Da Lat is a romantic town where the Vietnamese honeymooners go, so we enjoyed watching all the couples taking selfies and strolling around town. We hiked waterfalls, took a cable car ride to a monastery, rode an old train to a pagoda, toured the Crazy House, dined at Le Chalet Da Lat and stayed at a hostel in a private room above a pizza joint (which actually had fantastic breakfast and good pizza). Hoi An was one of our favorite places, so much so that we ended up staying two extra nights and skipping our trip to Hue. We truly had a local experience with our homestay hosts who took us on the back of their motorbikes to their favorite coffee shop, and took Danica out to dinner with their friends (I wasn’t feeling well, so after they returned from dinner, our hosts made me rice soup and ginger tea). While in Hoi An, we toured the Ancient Town, did a bike tour around the Duy Vinh islands, went to the beach, hiked Marble Mountain, and ate a lot of really good food, including many local dishes such as Cao Lau, a regional speciality in Hoi An. We had quite a different homestay experience in Sa Pa where we had no heater and lots of rain, but warmed ourselves with loads of ginger tea and heavy comforters after a full day of trekking the terraced rice fields and local villages through dense fog. Our host was not as welcoming, but he did serve up some great food and we met a lovely artist from London who paints while she travels.

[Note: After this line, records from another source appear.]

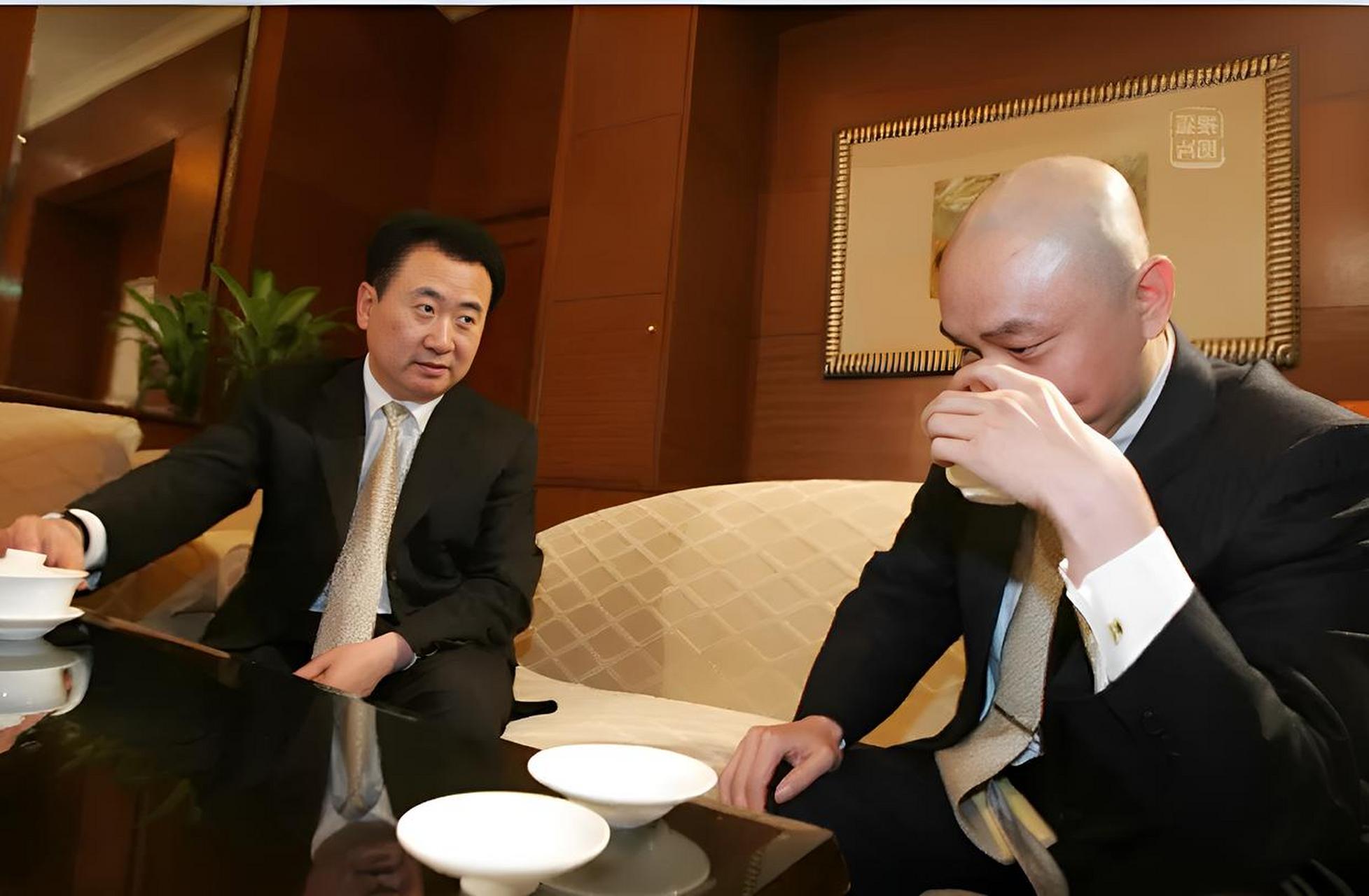 他和王健林坐在一起品茶谈话,黄光裕安静地听着王健林讲话,而王健林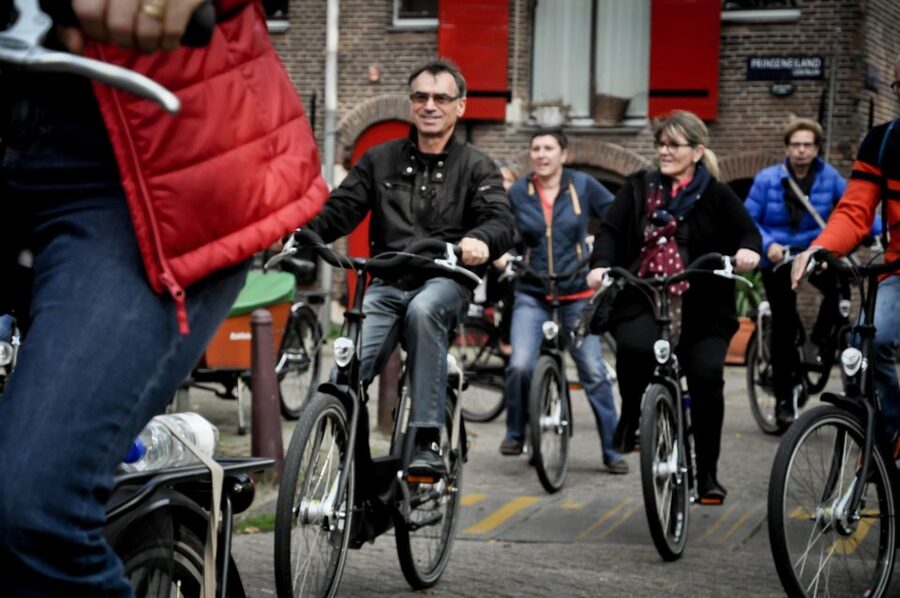 Amsterdam: Guided City Bike Tour in French - Price and value: what you really get for $41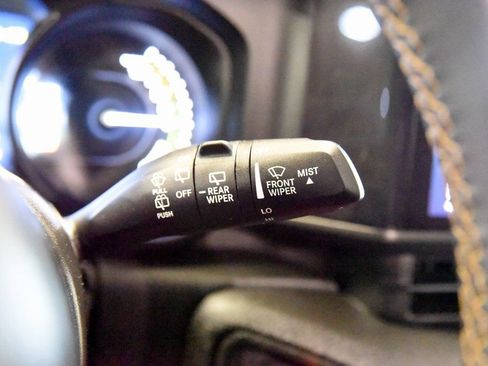 Used 2024 Jeep Wrangler Unlimited w/ Technology Group AWD/4WD image 21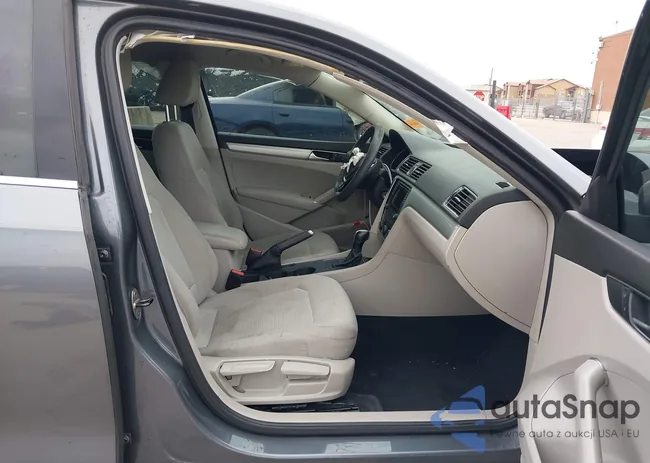 1VWAS7A3XGC061779: 44579946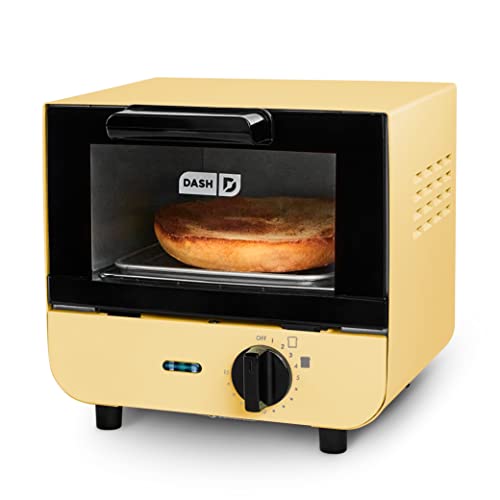 DASH Mini Toaster Oven Cooker for Bread, Bagels, Pizza, Paninis - Red B5381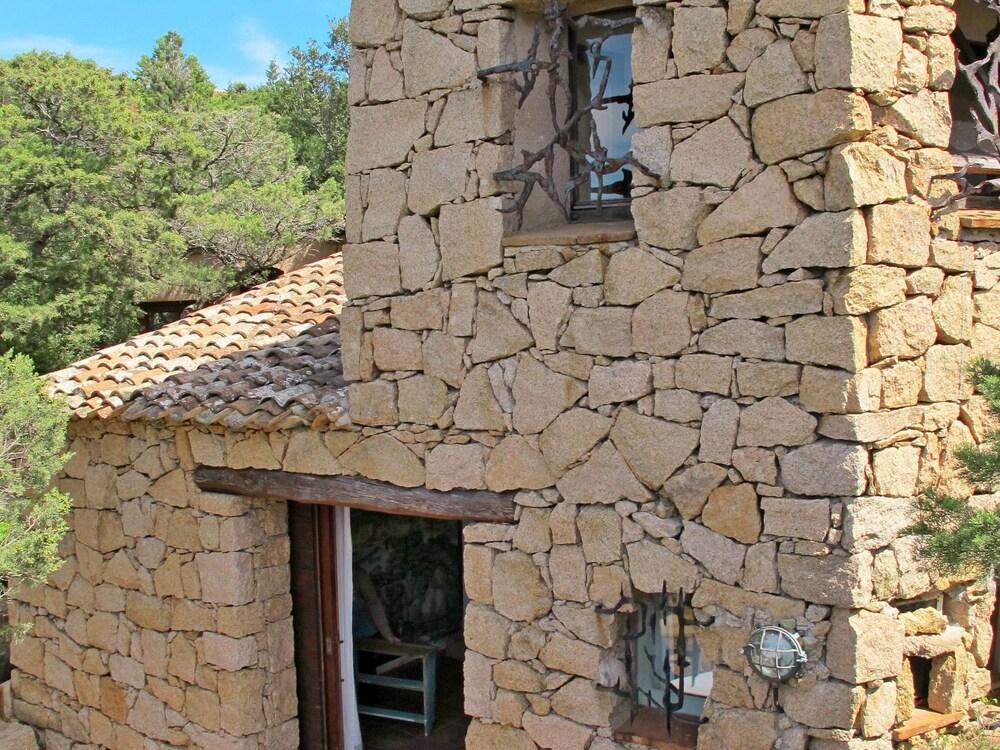 Roccia di Volpe Capriccioli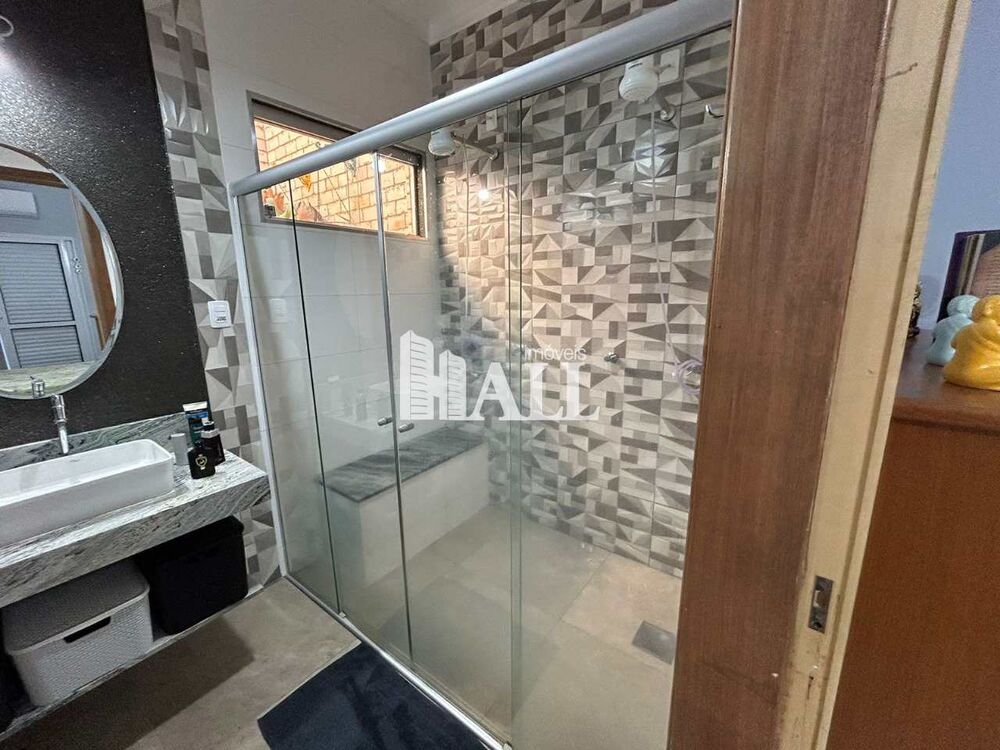Casa à venda com 3 quartos, 170m² - Foto 1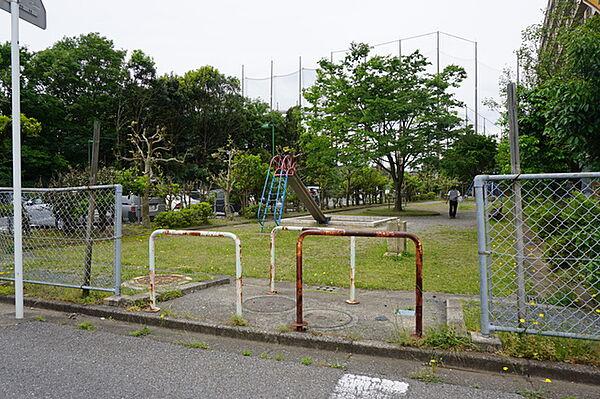 【周辺】西川児童公園10m徒歩1分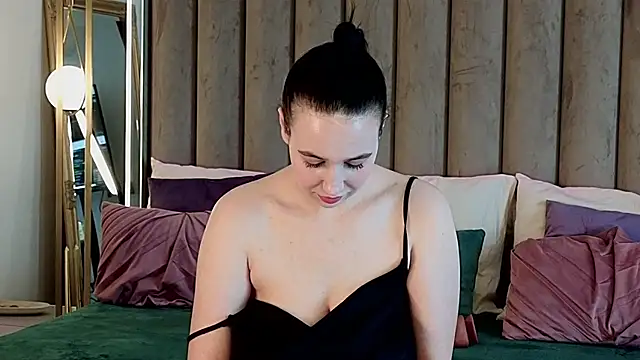 MavisReeve online show from 04-16-26, 09:54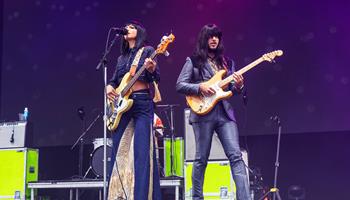 Khruangbin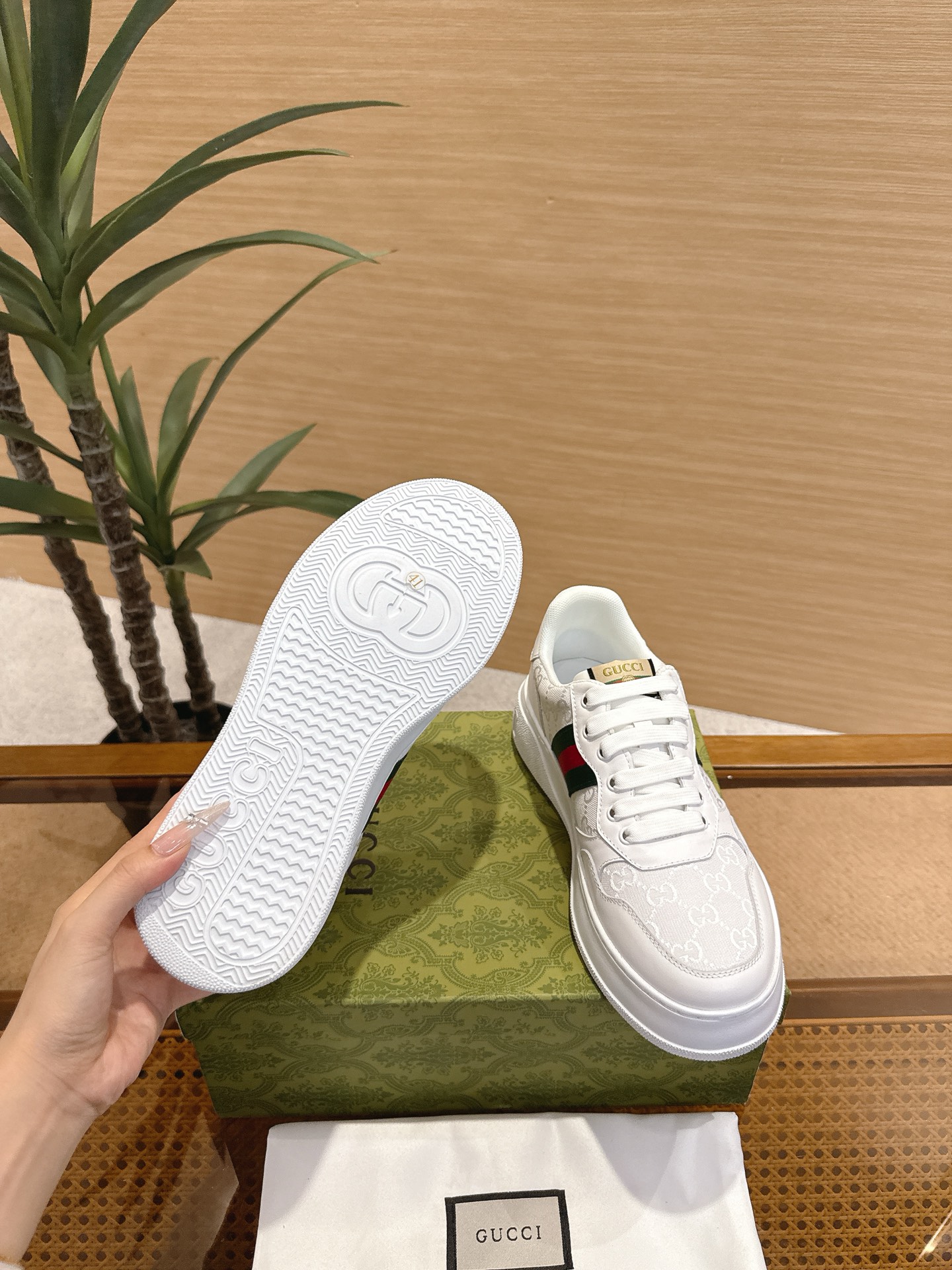 Gucci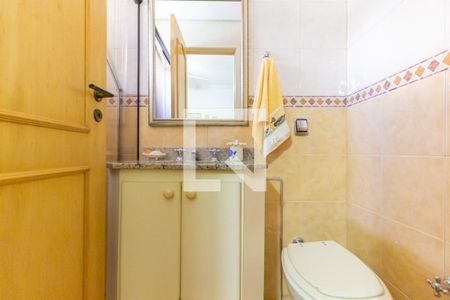 Apartamento à venda com 250m², 3 quartos e 4 vagasBanheiro da Suíte 3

Danica was set to leave Vietnam two days before me to meet up with her boyfriend George, who was coming to travel with us in Myanmar for two weeks, and I was going to spend one night in the old quarter in Hanoi and take an overnight cruise on Halong Bay the following night before flying out to meet them. However, the cruise was cancelled the afternoon before (likely due to weather and low booking as a result of the fog and rain, although I was told it was because of mandatory government testing), yet somehow I managed to get on Danica’s flight to Yangon, book a room at a quaint hotel a few buildings down from their sold-out hotel, and board the flight even though there was a typo on my visa that had to be approved via email by the immigration office in Yangon before my ticket would be issued (about an hour before the plane took off!).
One of the highlights from our trip was at the start in Saigon where we met up with an expat named Eric who owns the condo unit next door to the one I was renting in Santa Monica before I left on this trip. He has lived there for the past five years with his wife and son, and is a wealth of knowledge about the country, and traveling in general. He took us to The Old Compass Cafe for lunch, where we dined on the day’s set menu: vegetables, pork meatballs, mushrooms with garlic, steamed rice and amaranth soup. After lunch, he spent two hours out of his Saturday afternoon giving us a tour that included many historical buildings that were prominent during the Vietnam War, such as the Rex Hotel, Caravelle Hotel, Continental Hotel, Park Hyatt, and the Royal Palace. One of the things that stuck with me was our discussion about the younger Vietnamese generation and how they don’t really know or learn much about the war, and that most of the older generation doesn’t really care to discuss the past, they just want to move on. I think this is evident by the recent name change of the War Remnants Museum, which was formerly called The American War Crimes Museum (tough to see, but a must), and the newly offered e-visa to increase tourism, which saves about $100 for foreigners from select countries (US included) and a long line at customs. During our tour, Eric explained to us, “the Vietnamese think like they drive; they never look back, they always look forward”.